At the end of the month, taking advantage of an improvement in weather conditions, the Italians resumed their bombing on enemy lines. These attacks were intensified on 01st November in the zone of Doberdò and Opacchiasella (today known as Opatje Selo). The Third Army with a concentration of 200,000 men within a few kilometres, attacked shortly before noon and succeeded in making the Austro-Hungarians retreat by a few kilometres.
Dosso Faiti, a hill at an altitude of 430 metres and one of the main hills in the region, was lost by the men of Borojevic on 03rd November thanks to action by the Tuscany Battalion. The Austro-Hungarian general knew that if the attack would continue, it was inevitable that the Italians would be able to break through. The last reserve battalion was sent to Height 464, near Faiti, to try to repel the advance by the Italian soldiers (who were six times stronger). With a determined resistance, the peak was not taken and once again the front was able to withstand these attacks.

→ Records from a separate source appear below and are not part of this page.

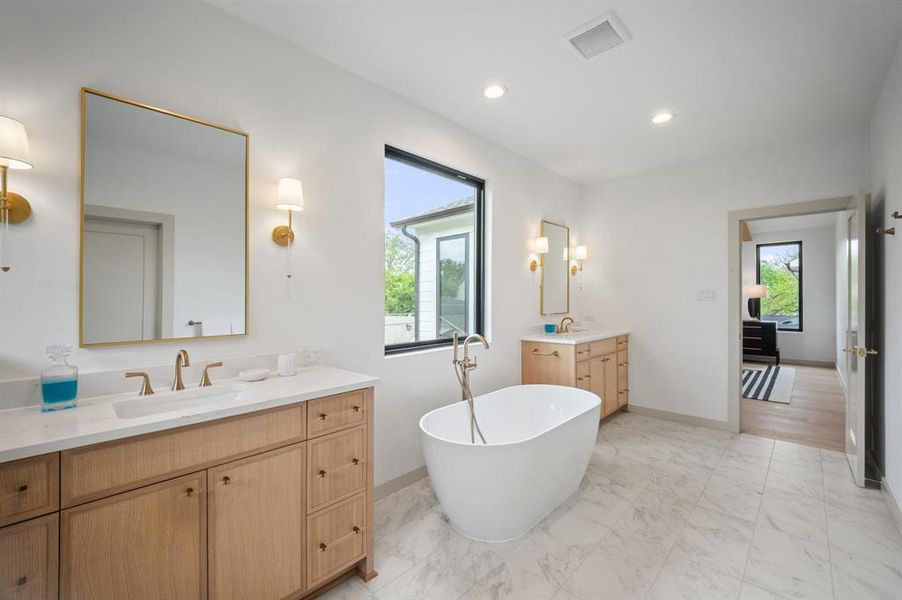 Furnished interior view inside a new home in , Dallas (Image 11).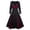 Red, variant on HNMKIU Halloween Clothes Elegant Lace Dress For Halloween Party With Long Sleeves And Flowing Skirt Purple,XL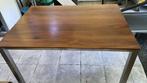 Design, Arco eettafel Graphic,  Amerikaans noten, Huis en Inrichting, Ophalen, Gebruikt, 100 tot 150 cm, Design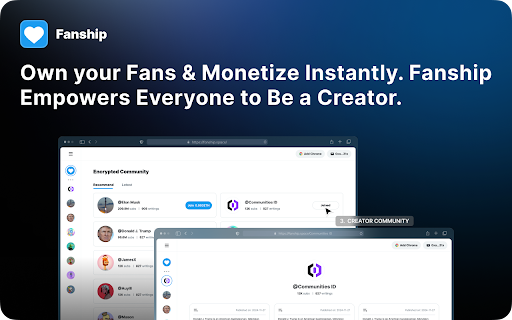 Fanship  from Chrome web store to be run with OffiDocs Chromium online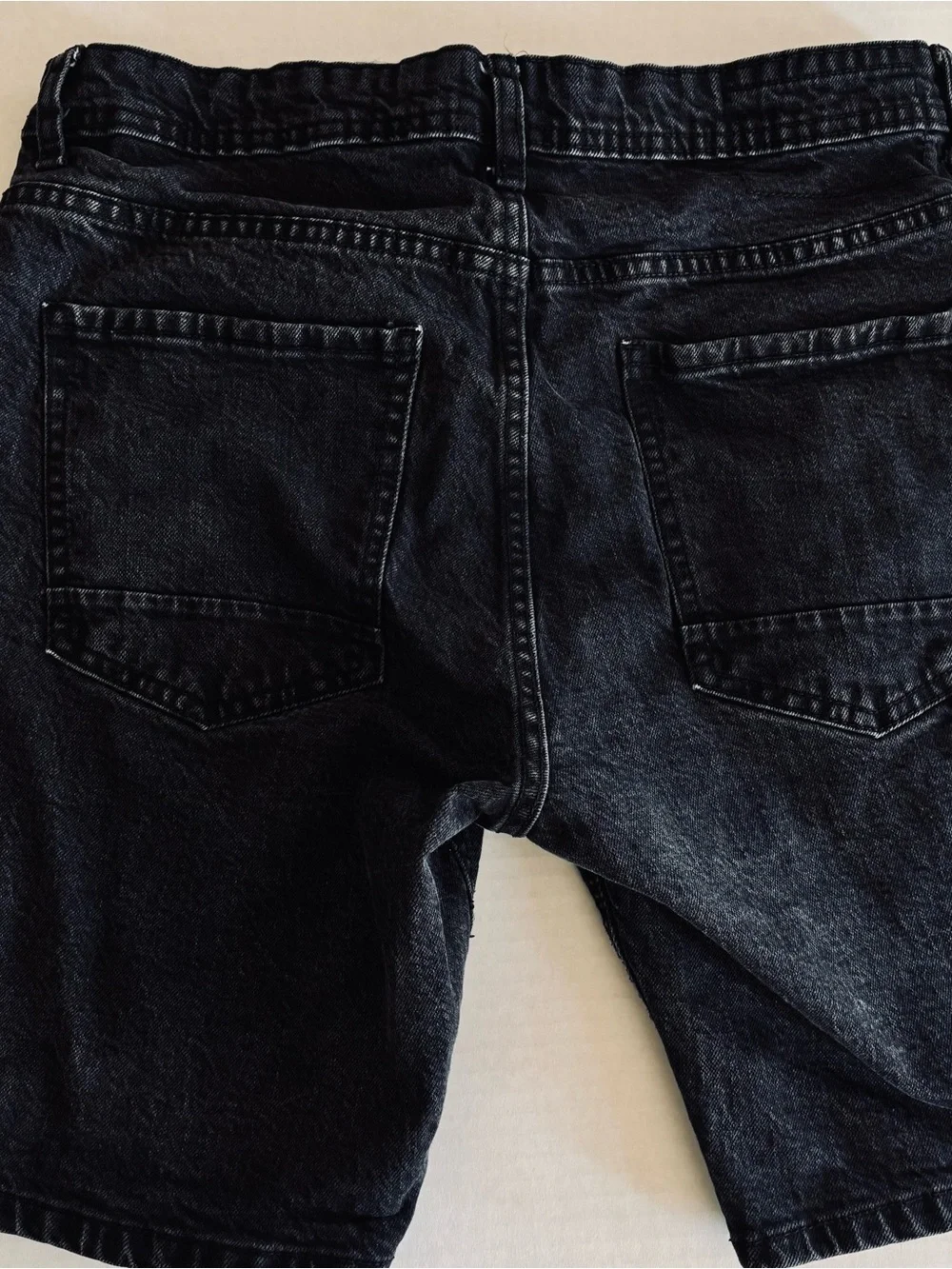 Cotton On Black Denim Jean Shorts straight shorts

On 04th November Cadorna decided to suspend immediately the military operations. At 39,000 the number of men who were out of action was too high for those few days of war. This choice was also dictated by the exhaustion of his soldiers and their morale which in those days was somewhat low. Since the end of August at least 130,000 men had been killed, wounded or captured. By now protests and harsh criticism had arisen from various areas on the methods of fighting that were being used and on the treatment that was reserved for soldiers. Carlo Salsa, a future journalist who in those days was an infantry lieutenant deployed on the Karst, wrote: "The most demoralizing thing that breaks you down is not death. Something that is even worse is dying so uselessly, for nothing. This is not death for the motherland: it is death that is brought about by the stupidity of certain orders and by the cowardice of certain commanding officers." (Carlo Salsa, Trincee, Confidenze di un fante in Mark Thompson, La Guerra Bianca, Il Saggiatore, Milan, 2008, page 240).

On his part, Cadorna replied by a harsher censorship and by inflicting even harsher penalties for those who expressed negative or pessimistic judgments about the way that the war was unfolding.